■ **What you are asked to do**:
Repeat the records word for word, excluding any picture.

■ **Data to process**:
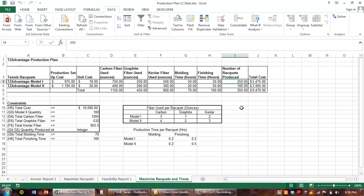Go ahead and complete the steps to success on page 582.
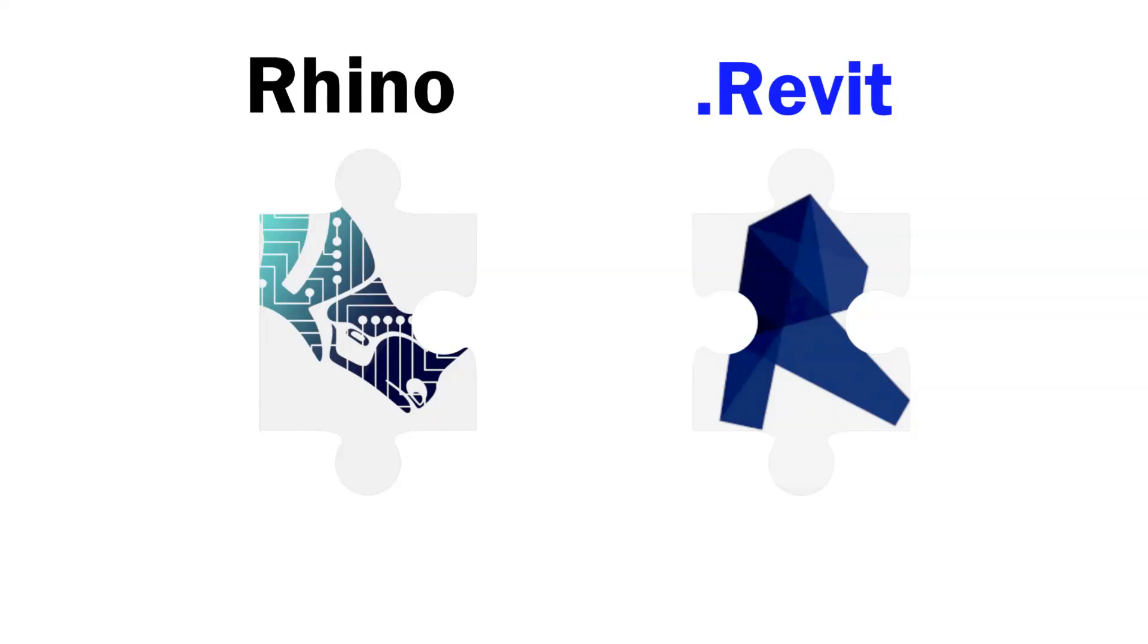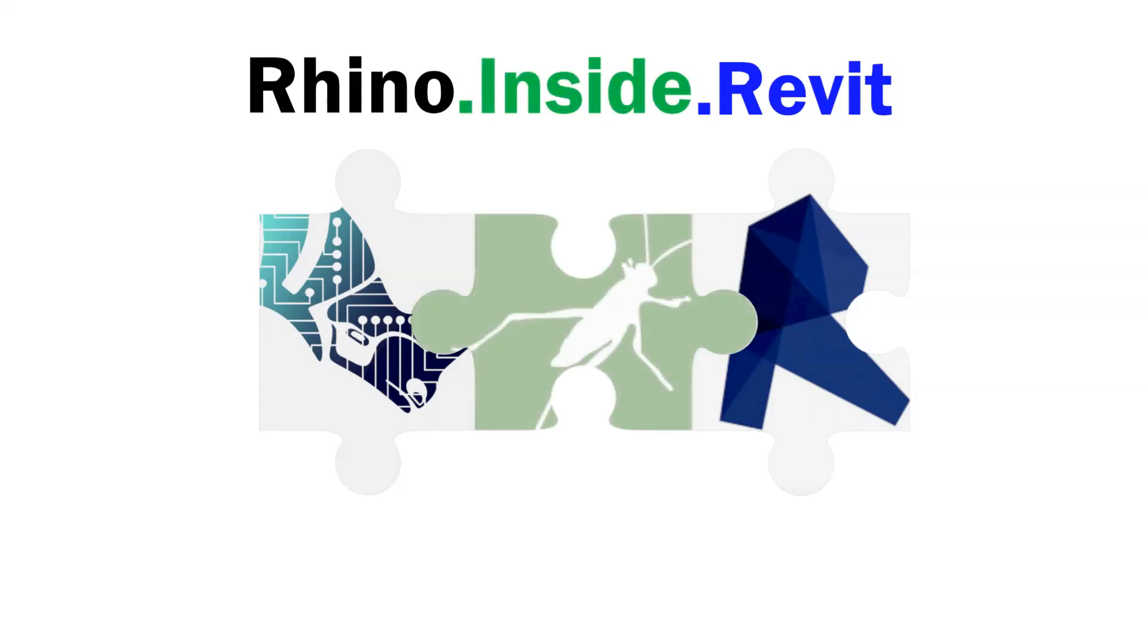Apart, Rhino and Revit are common solutions to a lot of problems. Rhino inside Revit allows them to fit together to solve a bigger picture.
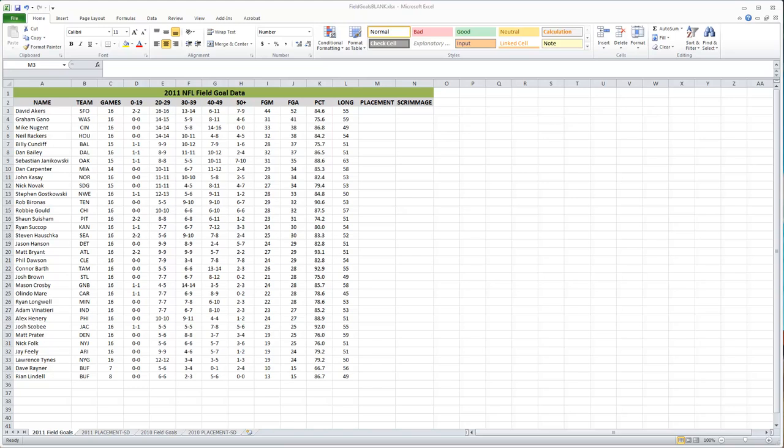Here we are in Excel. Hopefully you've downloaded the file so you can follow right along step by step. Now let's take a step back and think about what we're actually doing here.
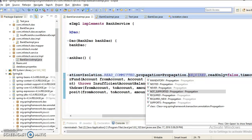Next we have something called Not Supported propagation level. This attribute says that transaction is not supported. In other words, the activity needs to be performed non-transactionally. If an existing transaction is present, then it is suspended until the activity finishes.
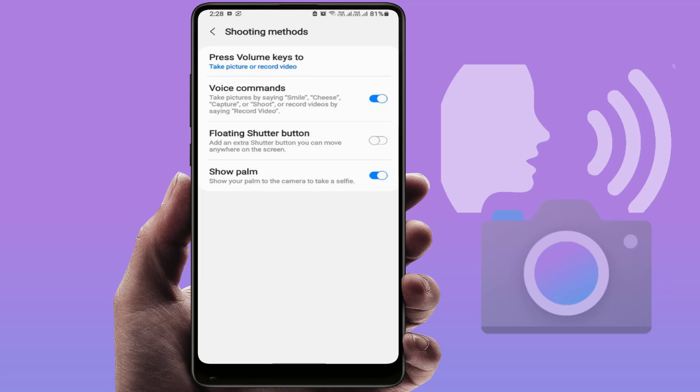or 'Shoot'. If you want to record a video, you can use the command 'Record Video'. Now let's try how it works.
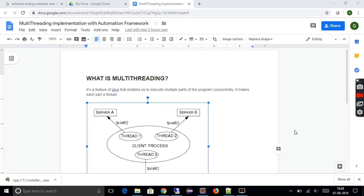Hi guys, my name is Guru Javad. You all might have heard about multi-threading in Java, which Java developers use when it comes to advanced level frameworks and parallel executions. There are a lot of people who don't know how to implement that with their automation or testing frameworks. I will show you how to integrate multi-threading into your existing or new frameworks to use parallel executions.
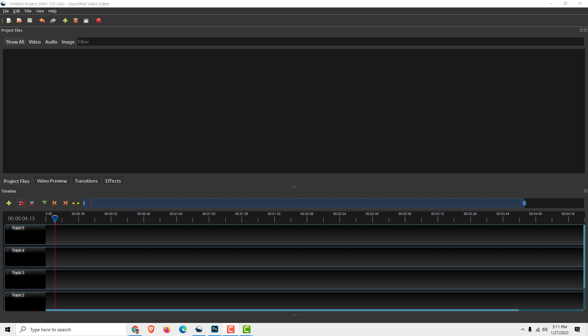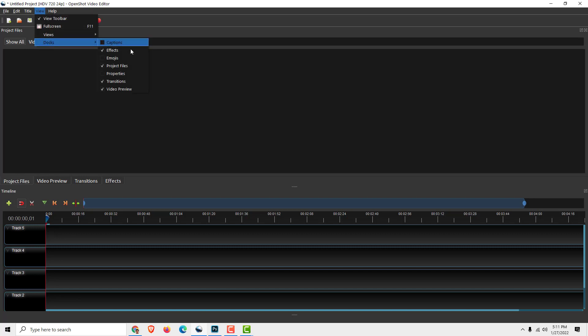Hey guys, welcome to another tutorial. Today I'll show you how to merge multiple videos using OpenShot video editor. To do that, go to Project Files. If you don't see the Project Files, go to View, Docs.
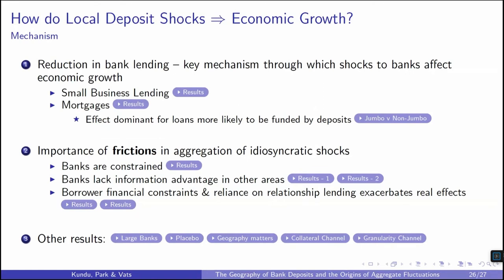Lastly, we highlight the importance of financial frictions in the aggregation of idiosyncratic shocks. The lending cut is driven by constrained banks, which cut lending more sharply in other areas when they experience local deposit shocks. Banks also cut lending in areas where they lack informational advantages. Firms more dependent on banks as a source of external financing drive the response in lending growth, and borrower financial constraints and relationship frictions can exacerbate both the cut in lending and the real effects realized. Robustness checks demonstrate that large banks are responsible for transmitting idiosyncratic shocks, that the geographic concentration of deposits matters, and that results are not driven by shocks to collateral value or granularity in GDP, employment, and population.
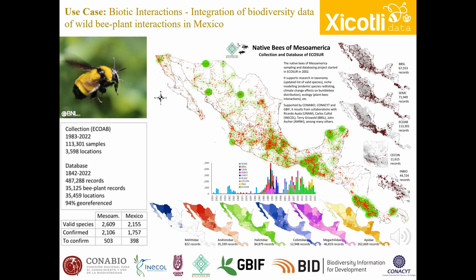Of the almost 113,000 records in the database, more than 70,000 have information on the plant visited by the bee specimen. These records represent around 55 percent of the records of the interaction between native bees and plants at the Mesoamerican scale integrated into the collection. It is important to highlight that before this project, the information available on bee plant interactions in the collection had yet to be curated, integrated, or mobilized.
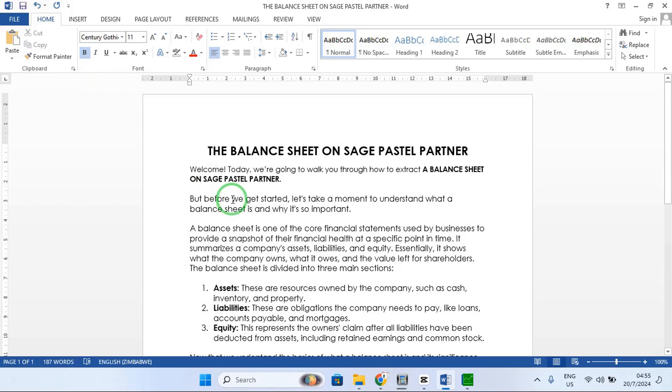Welcome. Today we are going to walk you through how to extract a balance sheet on Sage Pastel Partner.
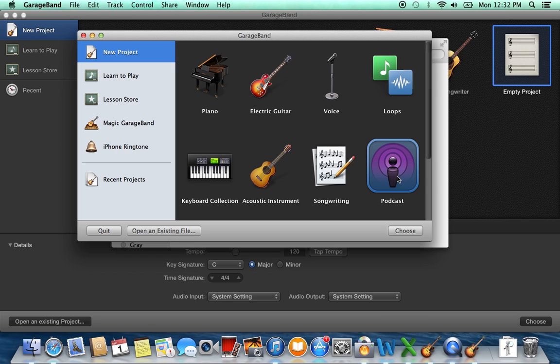So that's how you access your old GarageBand. I hope this video helped you. If you have any questions or comments, please leave a comment below in the comment section. I'll be happy to respond and enjoy your GarageBand.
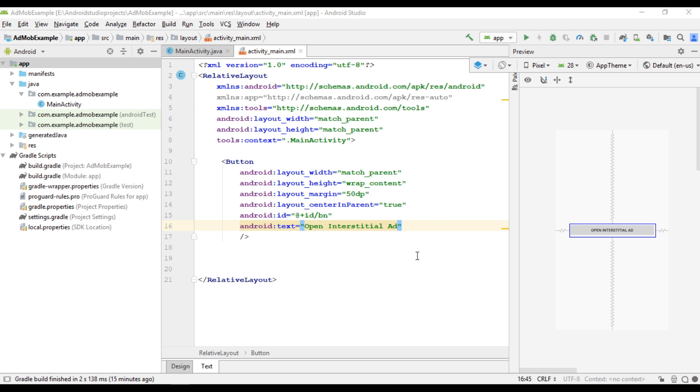Hello guys, once again welcome back to another Android AdMob tutorial. In this video we are going to learn about how to place an interstitial ad unit from AdMob in your Android application.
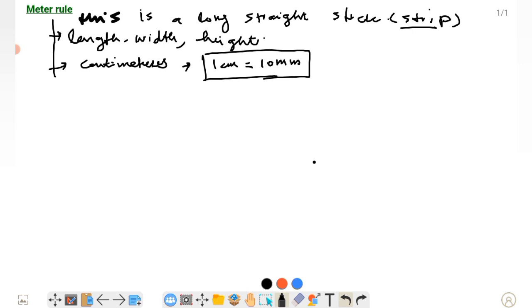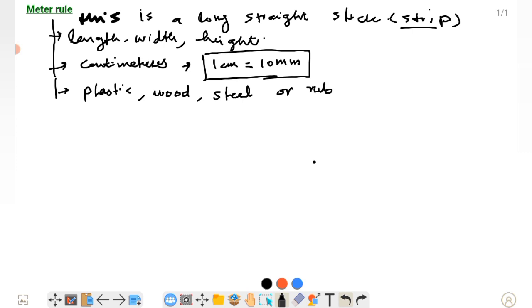The meter ruler is made of different materials - it can be made of plastic, wood, steel, or rubber.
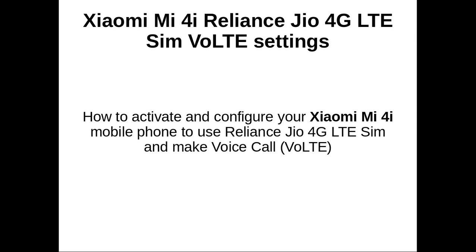This video demonstrates how to activate and configure your MI4i mobile phone to use Reliance Jio 4G LTE SIM and make voice calls.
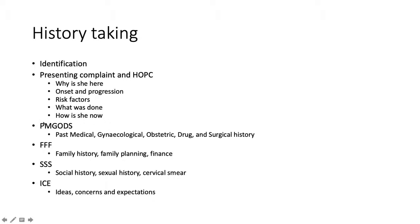Next is the acronym PMGOTS — not AMGOTS but PMGOTS. It stands for Past Medical, Gynecological, Obstetric, Drugs and Surgical History. For gynecological history taking, you omit the gynecological part since you are already asking the gynecological history. So it becomes past medical, obstetric, drugs and surgical history.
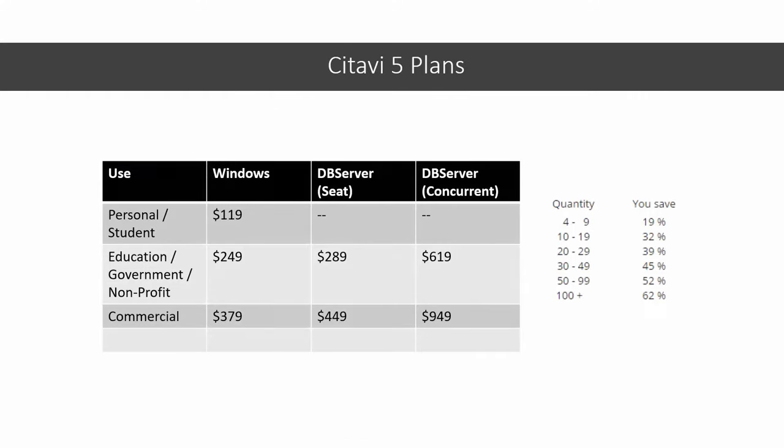Citavi offers a free version for personal and student use that can have up to 100 references per project. If you're working with more than 100 references, you'll want to pay $120 for a license. Even without the cloud capacities of its competitors, this is a relatively cheap one-time price considering the power of its metadata and the recurring subscription fees of the other options. The database version of Citavi I mentioned earlier is also purchased as a license with prices that vary per number of simultaneous users and the nature of the use.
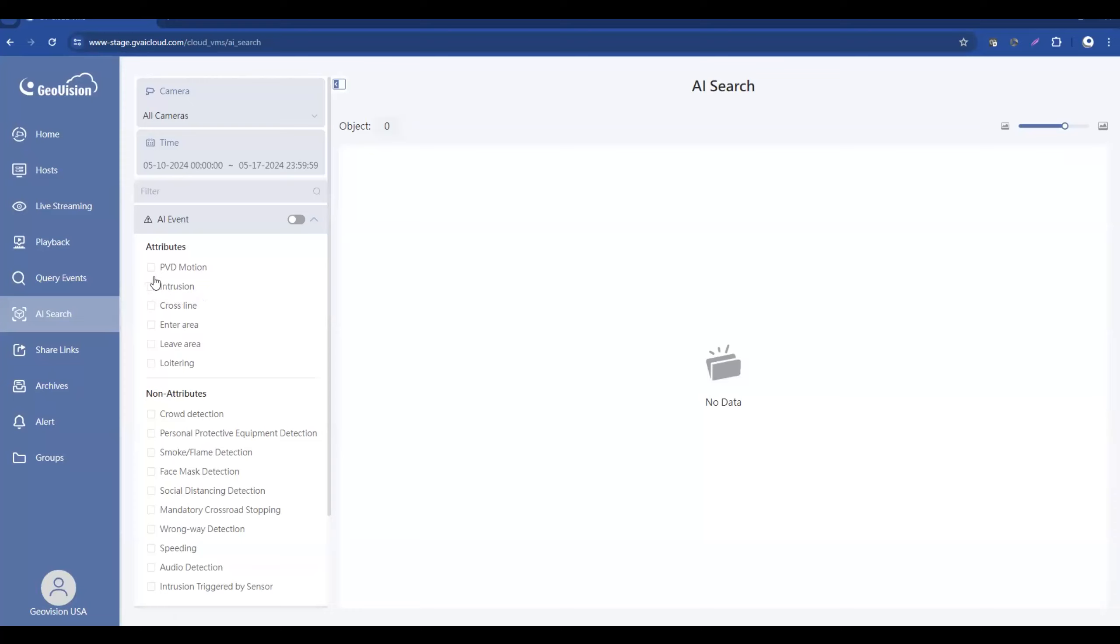So once you do that though, it will register any intrusion activities as an analytic event that can be searched right here within the web page. So this again is a list of all the analytics that are available.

■ **Response for this exercise**:
Go ahead and complete the steps to success on page 582.
Apart, Rhino and Revit are common solutions to a lot of problems. Rhino inside Revit allows them to fit together to solve a bigger picture.
Here we are in Excel. Hopefully you've downloaded the file so you can follow right along step by step. Now let's take a step back and think about what we're actually doing here.
Next we have something called Not Supported propagation level. This attribute says that transaction is not supported. In other words, the activity needs to be performed non-transactionally. If an existing transaction is present, then it is suspended until the activity finishes.
or 'Shoot'. If you want to record a video, you can use the command 'Record Video'. Now let's try how it works.
Hi guys, my name is Guru Javad. You all might have heard about multi-threading in Java, which Java developers use when it comes to advanced level frameworks and parallel executions. There are a lot of people who don't know how to implement that with their automation or testing frameworks. I will show you how to integrate multi-threading into your existing or new frameworks to use parallel executions.
Hey guys, welcome to another tutorial. Today I'll show you how to merge multiple videos using OpenShot video editor. To do that, go to Project Files. If you don't see the Project Files, go to View, Docs.
Lastly, we highlight the importance of financial frictions in the aggregation of idiosyncratic shocks. The lending cut is driven by constrained banks, which cut lending more sharply in other areas when they experience local deposit shocks. Banks also cut lending in areas where they lack informational advantages. Firms more dependent on banks as a source of external financing drive the response in lending growth, and borrower financial constraints and relationship frictions can exacerbate both the cut in lending and the real effects realized. Robustness checks demonstrate that large banks are responsible for transmitting idiosyncratic shocks, that the geographic concentration of deposits matters, and that results are not driven by shocks to collateral value or granularity in GDP, employment, and population.
Of the almost 113,000 records in the database, more than 70,000 have information on the plant visited by the bee specimen. These records represent around 55 percent of the records of the interaction between native bees and plants at the Mesoamerican scale integrated into the collection. It is important to highlight that before this project, the information available on bee plant interactions in the collection had yet to be curated, integrated, or mobilized.
Welcome. Today we are going to walk you through how to extract a balance sheet on Sage Pastel Partner.
So that's how you access your old GarageBand. I hope this video helped you. If you have any questions or comments, please leave a comment below in the comment section. I'll be happy to respond and enjoy your GarageBand.
Hello guys, once again welcome back to another Android AdMob tutorial. In this video we are going to learn about how to place an interstitial ad unit from AdMob in your Android application.
The meter ruler is made of different materials - it can be made of plastic, wood, steel, or rubber.
This video demonstrates how to activate and configure your MI4i mobile phone to use Reliance Jio 4G LTE SIM and make voice calls.
Next is the acronym PMGOTS — not AMGOTS but PMGOTS. It stands for Past Medical, Gynecological, Obstetric, Drugs and Surgical History. For gynecological history taking, you omit the gynecological part since you are already asking the gynecological history. So it becomes past medical, obstetric, drugs and surgical history.
Citavi offers a free version for personal and student use that can have up to 100 references per project. If you're working with more than 100 references, you'll want to pay $120 for a license. Even without the cloud capacities of its competitors, this is a relatively cheap one-time price considering the power of its metadata and the recurring subscription fees of the other options. The database version of Citavi I mentioned earlier is also purchased as a license with prices that vary per number of simultaneous users and the nature of the use.
So once you do that though, it will register any intrusion activities as an analytic event that can be searched right here within the web page. So this again is a list of all the analytics that are available.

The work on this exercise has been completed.